* MATERIAL TO PROCESS:
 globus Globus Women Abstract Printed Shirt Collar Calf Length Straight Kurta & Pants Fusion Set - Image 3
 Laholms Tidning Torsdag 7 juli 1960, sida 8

==

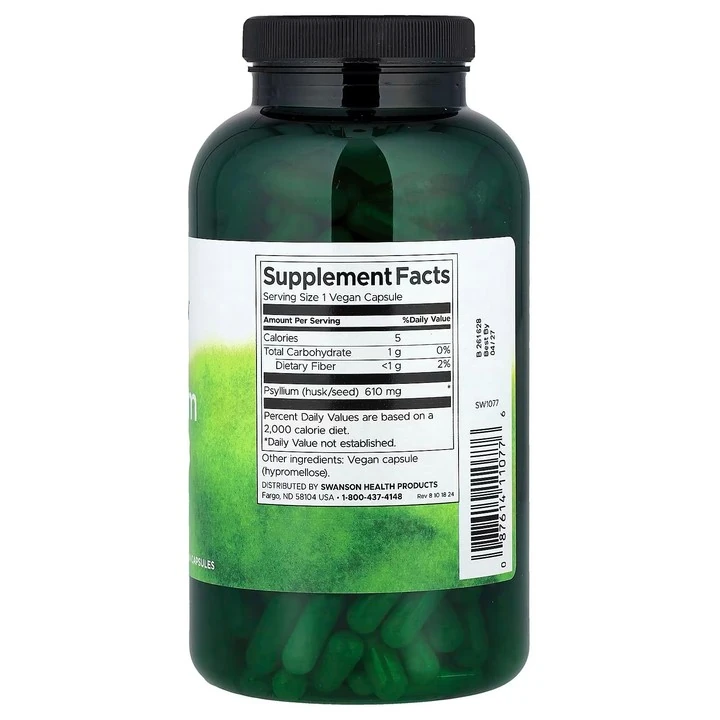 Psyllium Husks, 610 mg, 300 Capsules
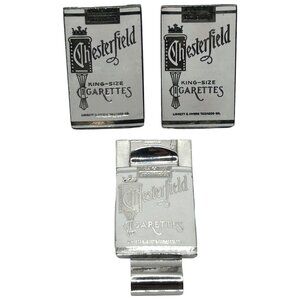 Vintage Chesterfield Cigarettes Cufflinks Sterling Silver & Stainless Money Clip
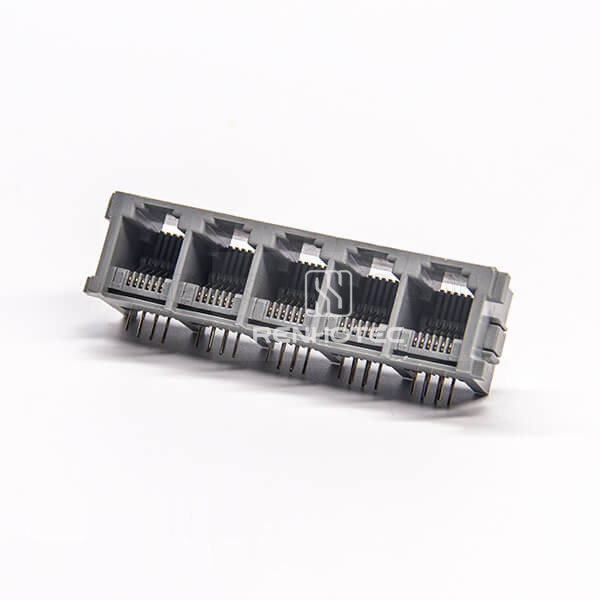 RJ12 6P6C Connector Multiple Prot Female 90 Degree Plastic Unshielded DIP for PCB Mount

==

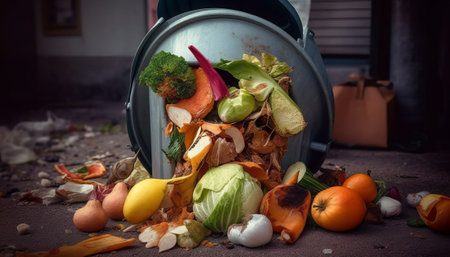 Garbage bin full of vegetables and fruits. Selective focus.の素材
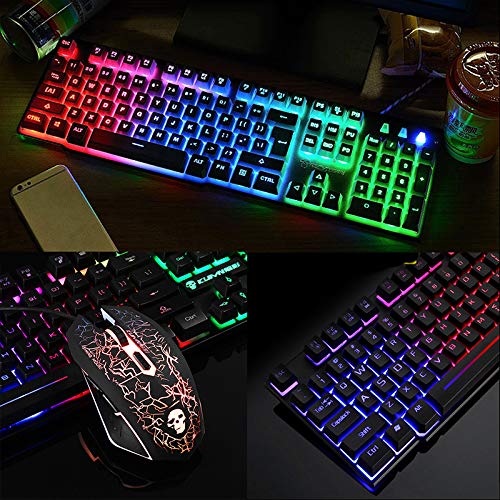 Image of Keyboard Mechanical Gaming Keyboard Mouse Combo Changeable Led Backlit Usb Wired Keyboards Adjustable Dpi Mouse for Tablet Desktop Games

* WHAT YOU WILL DO: Every line above between the one containing "Garbage bin full" and the one containing "Image of Keyboard", those two included, is to be printed exactly. No pictures go into the copy.

* ANSWER:
 Garbage bin full of vegetables and fruits. Selective focus.の素材
 Image of Keyboard Mechanical Gaming Keyboard Mouse Combo Changeable Led Backlit Usb Wired Keyboards Adjustable Dpi Mouse for Tablet Desktop Games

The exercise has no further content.